Política
¿De espaldas y con cara de asco?

Más incómodo que cagar con campera: Bullrich le torció el brazo a Karina y la obligó a posar en una foto

La interna más tóxica del Gobierno: Karina tragó saliva, llamó a Bullrich y posó fingiendo amor eterno. (Dibujo: NOVA)

El Gobierno volvió a recurrir a uno de sus recursos favoritos cuando las peleas internas se vuelven imposibles de disimular. En medio de una fuerte disputa por el pliego de María Verónica Michelli, cuñada del periodista Hugo Alconada Mon, Karina Milei y Patricia Bullrich protagonizaron una foto de unidad que buscó transmitir normalidad donde cada vez queda menos margen para fingirla.

La escena dejó una imagen poco habitual para el esquema de poder libertario. La hermana presidencial, acostumbrada a imponer condiciones dentro del oficialismo y a ejecutar castigos políticos sin demasiadas resistencias, apareció obligada a tender puentes con una dirigente que decidió desafiarla en público y sobrevivió para contarlo.

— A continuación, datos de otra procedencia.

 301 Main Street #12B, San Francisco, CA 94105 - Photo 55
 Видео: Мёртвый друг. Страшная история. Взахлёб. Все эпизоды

Bullrich ya había incomodado al círculo más cerrado de los Milei cuando reclamó públicamente la declaración jurada de Manuel Adorni. Esta vez fue más lejos. Respaldó el pliego de Michelli, cuestionó la decisión de retirarlo y hasta dejó trascender que habló directamente con el presidemente Javier Milei para defender su posición. Una jugada que, en cualquier otro despacho libertario, suele terminar con exilio político, ostracismo partidario o alguna condena dictada desde el despacho de la secretaria general.

El problema para Karina es que Bullrich no es un funcionario descartable ni un dirigente sin volumen propio. La ministra conserva estructura, presencia pública y un nivel de conocimiento que la convierte en una pieza incómoda para quienes sueñan con un oficialismo manejado exclusivamente por el apellido Milei. Cuando alguien tiene votos propios, las órdenes dejan de sonar tan contundentes.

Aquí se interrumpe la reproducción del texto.